We carry a 9 foot Zodiak on Weaver davits on the swimstep. By careful length and placement of the standoffs we were able to keep a way clear on the swimstep to step onto a dock from the starboard side of the swimstep.
The huge advantage of using the Weaver davit system is that when the tender is in the water but still attached to the boat, the tender remains stable enough to step from the swimstep into the dink even in fairly rough water. No tender beating against your transom in this set up. After everyone's aboard simply unweight the davit side of your tender and unsnap the davits and off you go.
As to the verticle tender trapping a big wave, we don't veiw this as a threat anymore. I was very concerned about it at first but we have been in some real bad water and have had no problem with the Zodiak trapping water. It may be just the particular motion of our boat but I never want to find myself in water that would swamp the Zodiak on its davits. If I do, I'll have bigger problems than water in the Zodiak.
Horizontal storage does eliminate the swivel mechanism for the outboard necessary in a vertical installation. However the davit system necessary for such a system will be more costly to purchase and install. In a vertical installation you'll have to tattoo your boat name on the dinghy bottom.
You can probably find much on this subject by doing a search in the archives.* Within the last year we were faced with somewhat the same problem----larger, heavier dinghy and how to store it.
We have a starboard side transom door that needed to be kept clear for access to floating docks (floats as they are called in the PNW).* We used the Weaver system with the lever for the 15hp 2 stroke engine.* We are happy with the rusult, and hae cruised with it at 27 knots.

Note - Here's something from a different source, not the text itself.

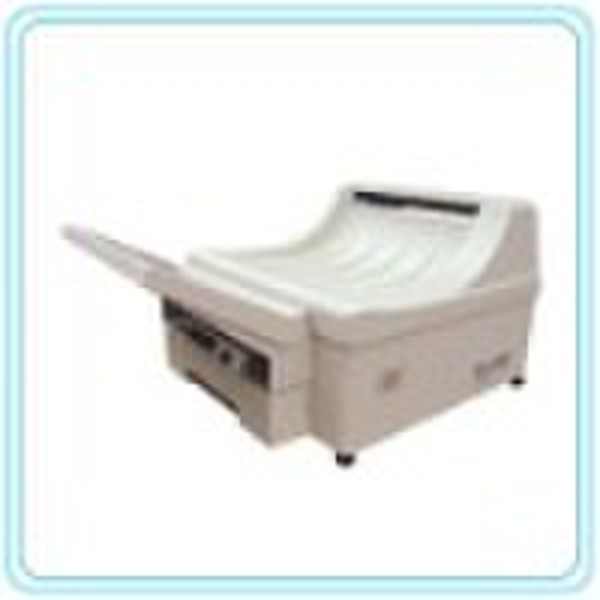 Auto X ray Film Processor (CE)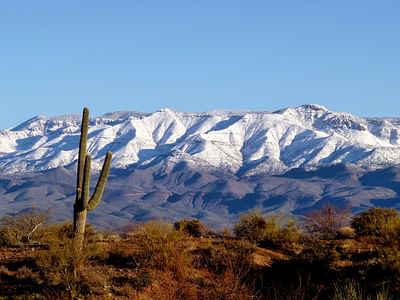 Eklund Refrigeration and Air Conditioning LLC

Pictures follow.* One picture shows the transom gate.* The dinghy is stored but not visible there.* We also did not want the weight to bear on the tubes so used a transom arc and bow locker arc.* Carries very well.* To lift it in place, I installed a mount for a removable come along under the helm deck roof overhang.
-- Edited by Moonstruck on Wednesday 2nd of November 2011 12:00:07 PM
Going back to the original dilemma of how to carry a dink on the duckboard and yet not obstruct the transom door or make using a ladder impossible, I post the pic below of how we managed it on Lotus.* The pic is not a real close-up, but I think one can make out the gist of it.* Lotus is second from the right, next to the old woody, with red canvas.
The dinghy is a 9 ft Tinker Tramp, but mounted well to the port end of the duckboart, there is space for us to still use the transom door, and also swing down a ladder opposite the door, and clearing the dinghy at the same time.* Our boat's beam is not huge, just 3.5 metres (about 12 feet), so it should be possible on anything over 30 ft.